会社などの組織ではメンバーひとりひとりに仕事(=役割)が与えられており、ほとんどのメンバーは評価対象となっているその仕事だけをこなして帰宅していきます。もちろん与えられた分をしっかりとこなしてくれているのであれば問題ないといえるのですが、それだけでは十分ではないということは皆さんならなんとなく肌感覚でお分かり頂けるのではないでしょうか。

 組織市民行動という言葉があります。

「割り当てられた業務ではないため、評価には直結しないが組織の成長をもたらす行動のこと」です。
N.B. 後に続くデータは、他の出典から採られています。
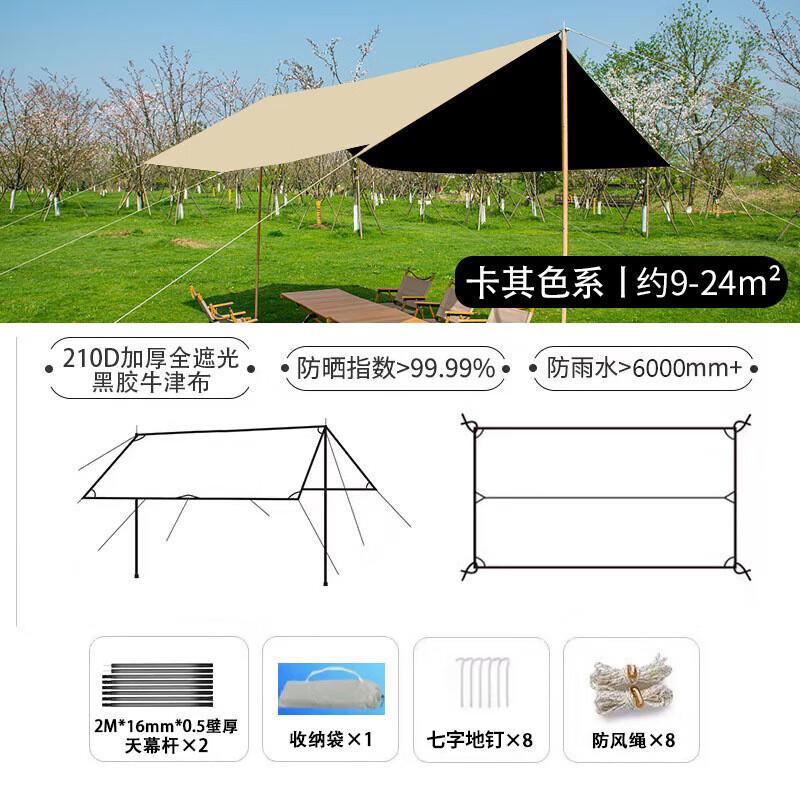 Outdoor Camping Blackout & UV Protection Canopy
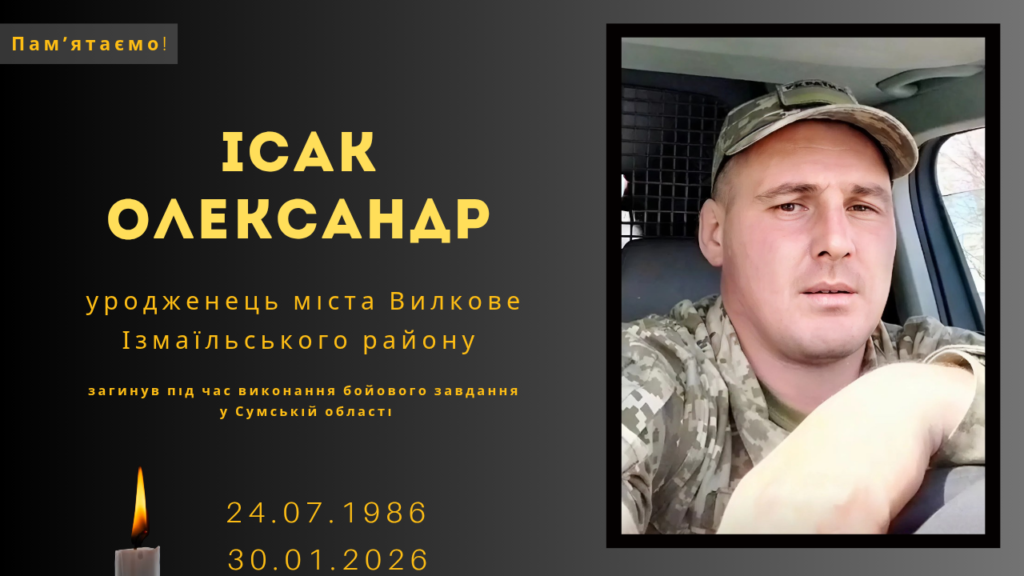 Памʼяті тих, кого вбила Росія: Ісак Олександр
例えば、従業員の親睦を深めるようなイベントを企画したり、直接の部下ではない人にも仕事を教えてあげたり、上司の指示の下で機動的に動くような一体感を醸成したりといったものが考えられますね。あるいはオフィスに落ちているゴミをそっと拾っておくことや、ムードメーカーとして組織の雰囲気を明るくするのもそうでしょう。
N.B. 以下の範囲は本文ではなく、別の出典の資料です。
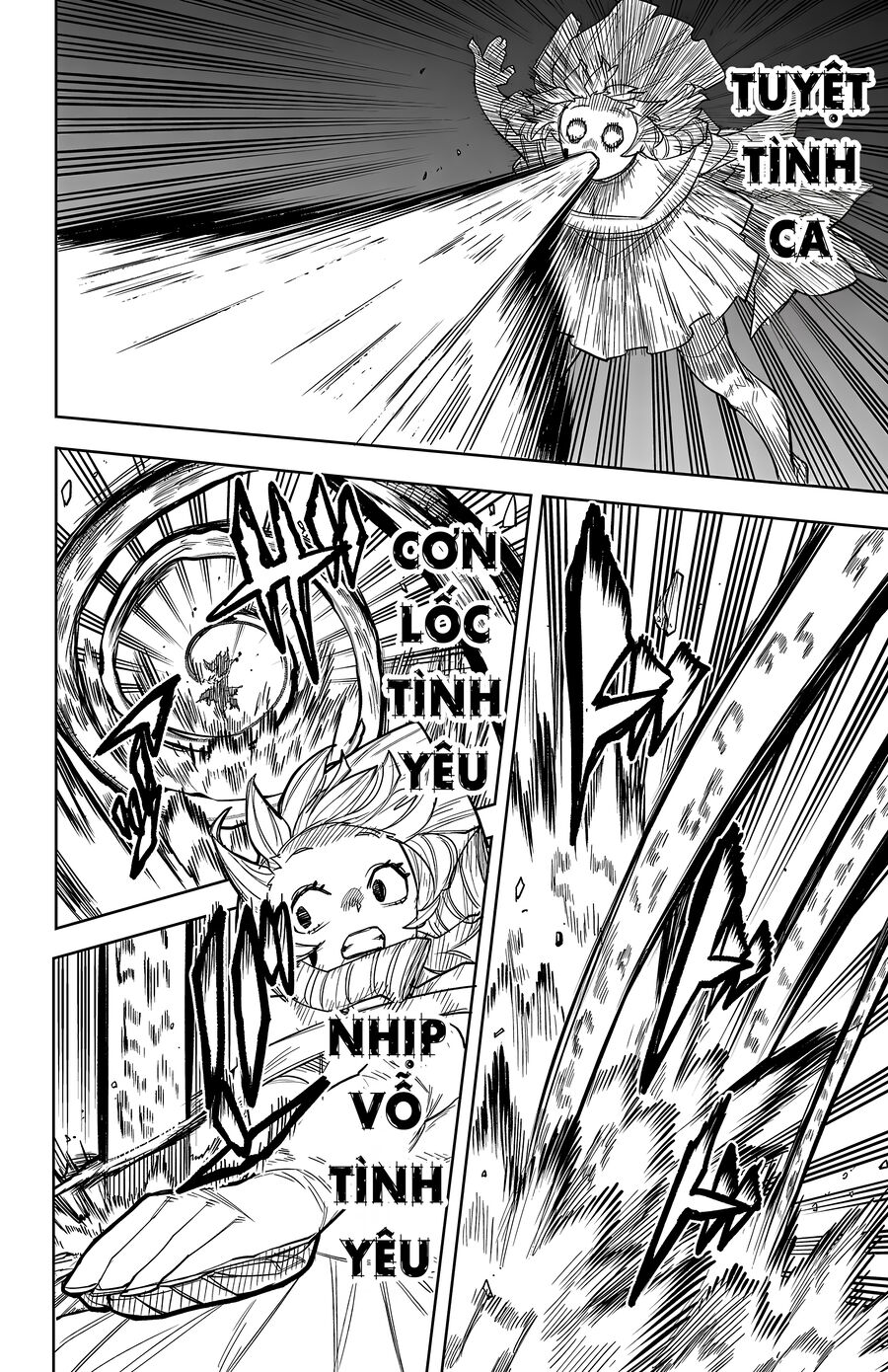 Shy Chapter 251 - Next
 そうした組織市民行動は、往々にして評価には直結しないものなので、皆あまり積極的に関わろうとはしません。しかしそのような組織市民行動の有無が、その組織の業績や生産性、ひいては離職率にまで大きく影響を及ぼすことが知られています。

 では多くのメンバーに組織市民行動を取ってもらうためにはどのようにすればよいのでしょうか。

 いろいろなやり方があるとは思うのですが(思い切って評価項目に入れてしまうのもひとつです)、メンバーひとりひとりの動きを普段からよく観察し、組織市民行動的な動きに対してはすかさず褒める。その日陰の仕事をやってくれた彼(彼女)にスポットライトを当てる。そういう動きこそが組織のためになっていることを伝えて感謝の気持ちを伝える。
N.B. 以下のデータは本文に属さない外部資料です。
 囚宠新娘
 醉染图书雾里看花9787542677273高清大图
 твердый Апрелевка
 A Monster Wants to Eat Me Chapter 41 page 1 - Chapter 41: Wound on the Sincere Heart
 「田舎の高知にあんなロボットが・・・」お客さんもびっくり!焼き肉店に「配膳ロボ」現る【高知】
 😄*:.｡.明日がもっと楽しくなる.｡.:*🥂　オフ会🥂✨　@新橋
 マネージャーや上司の方のそういった対応が、メンバーひとりひとりの組織市民行動を促していくのではないかと思います。特に感謝の気持ちを伝えるというのは、なかなか照れくさくて難しいかもしれません。しかし感謝の気持ちは思っているだけではなかなか上手く伝わりません。さあ、思い切って言葉にしてみましょう。デメリットなんてどこにもないのですから。